Crawled caption data
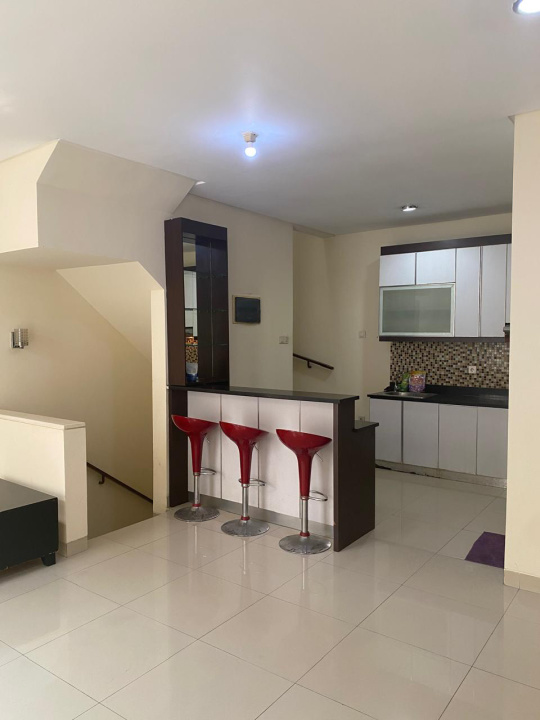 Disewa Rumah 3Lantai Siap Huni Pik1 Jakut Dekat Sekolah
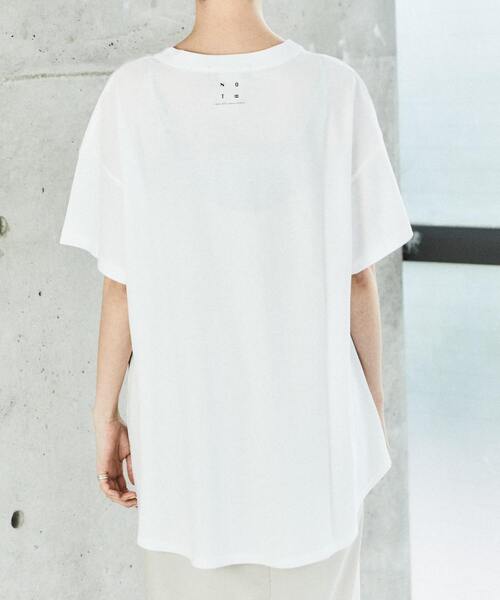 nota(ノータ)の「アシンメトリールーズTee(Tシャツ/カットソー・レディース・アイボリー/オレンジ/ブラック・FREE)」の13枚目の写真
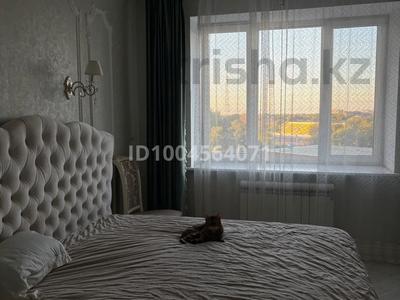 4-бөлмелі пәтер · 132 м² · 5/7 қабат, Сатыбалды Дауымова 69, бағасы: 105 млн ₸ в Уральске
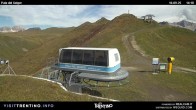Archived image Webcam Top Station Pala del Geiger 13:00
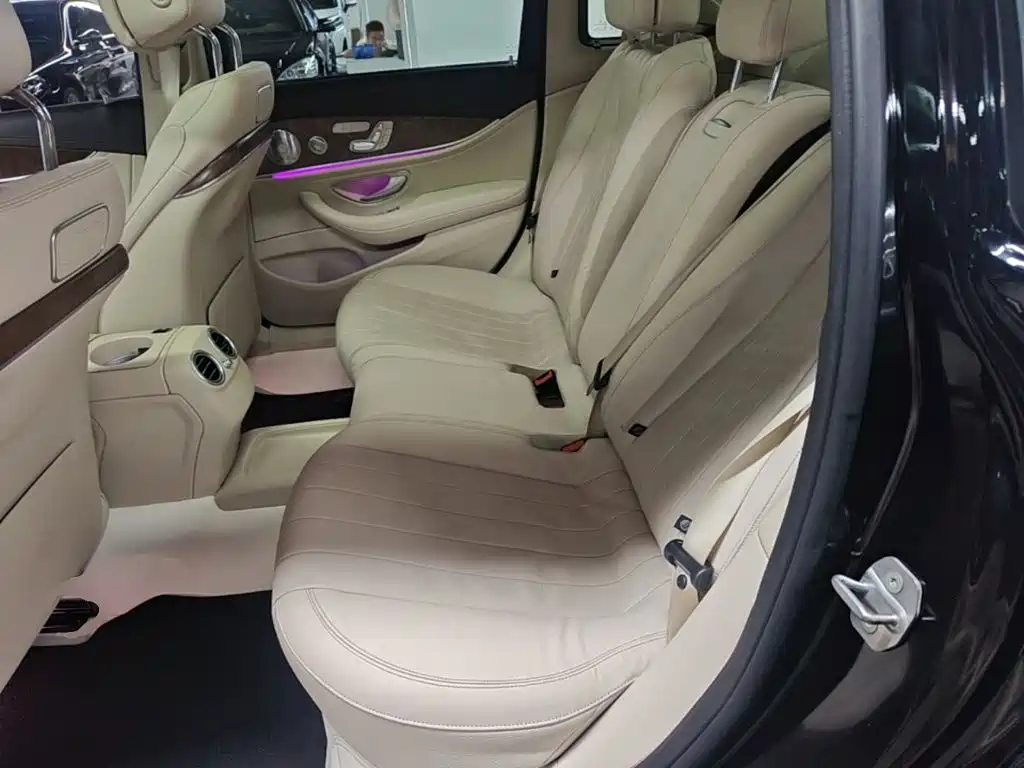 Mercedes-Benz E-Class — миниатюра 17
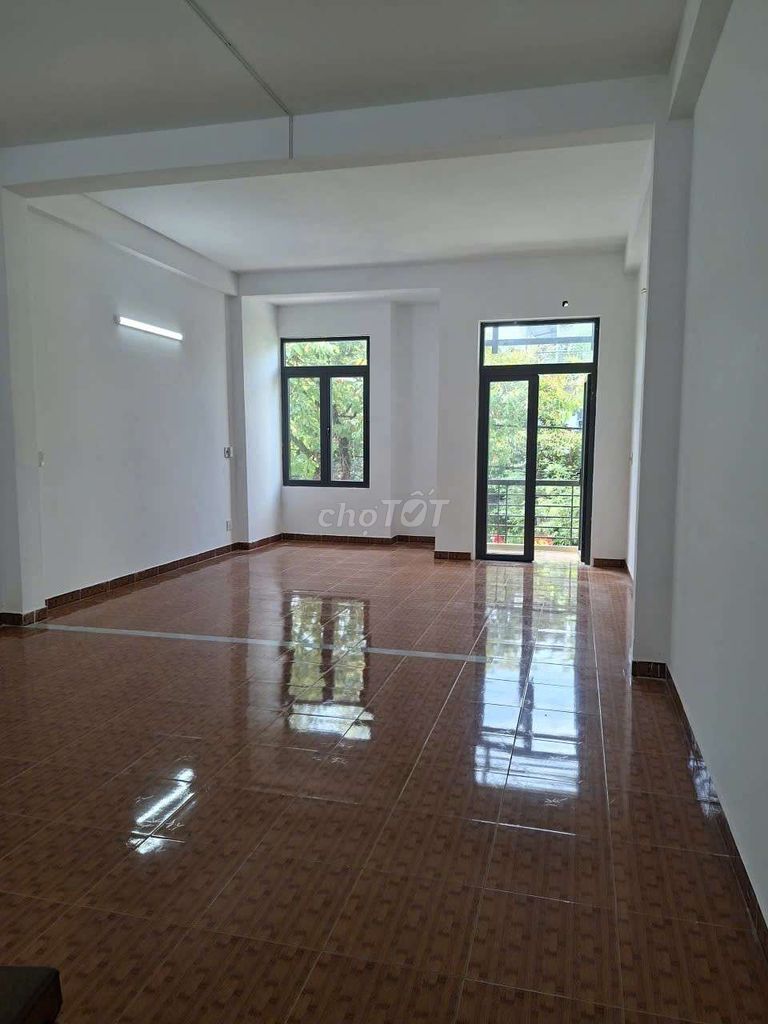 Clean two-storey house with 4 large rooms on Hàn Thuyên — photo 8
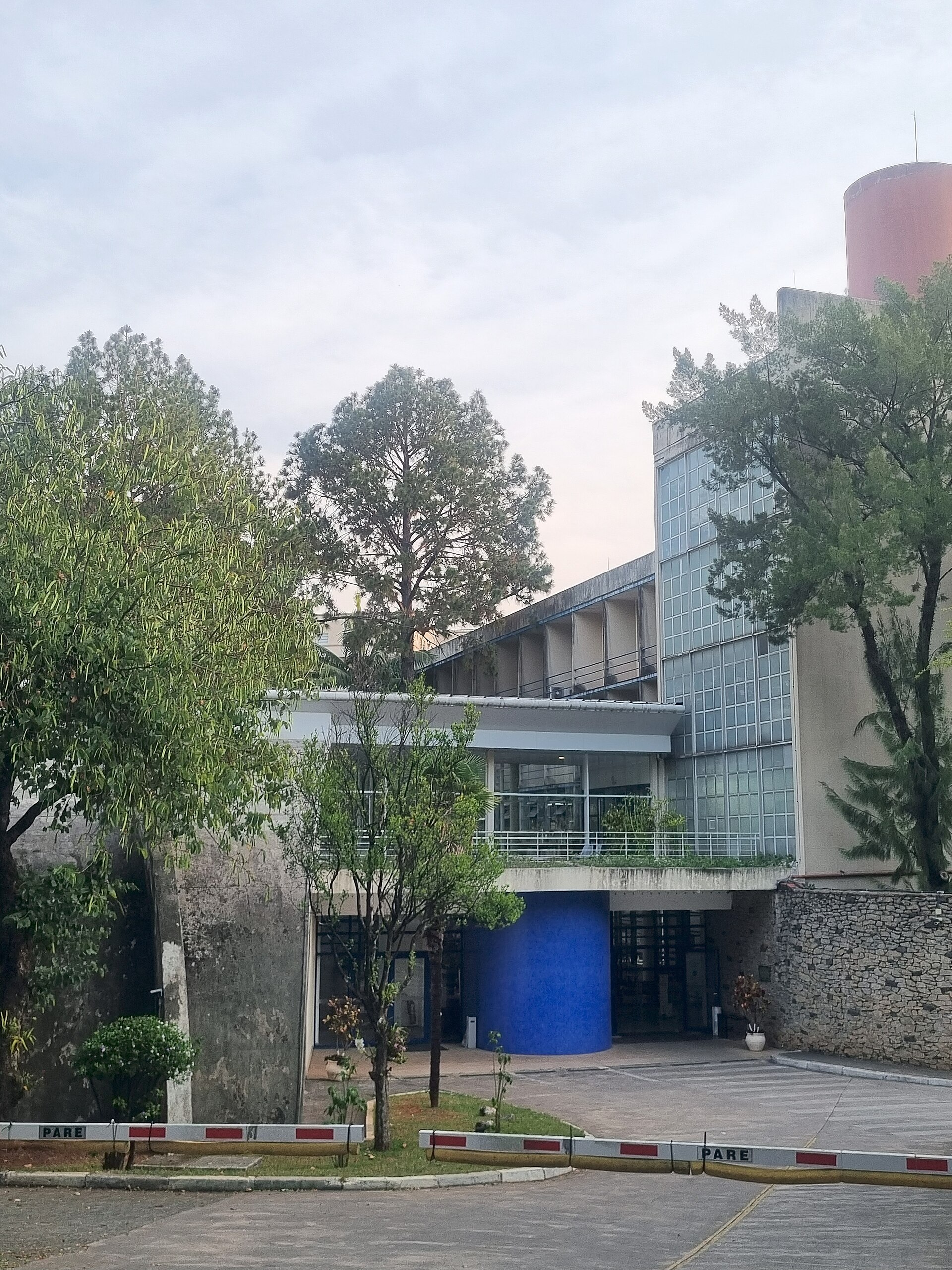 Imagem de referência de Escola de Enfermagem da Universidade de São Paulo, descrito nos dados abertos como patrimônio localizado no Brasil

= ABOUT THIS EXERCISE =
Please give a word-for-word transcript of the lines from the one holding "Mercedes-Benz E-Class — миниатюра 17" through the final line of the entries, both ends kept, with no pictures.

= RESPONSE BELOW =
 Mercedes-Benz E-Class — миниатюра 17
 Clean two-storey house with 4 large rooms on Hàn Thuyên — photo 8
 Imagem de referência de Escola de Enfermagem da Universidade de São Paulo, descrito nos dados abertos como patrimônio localizado no Brasil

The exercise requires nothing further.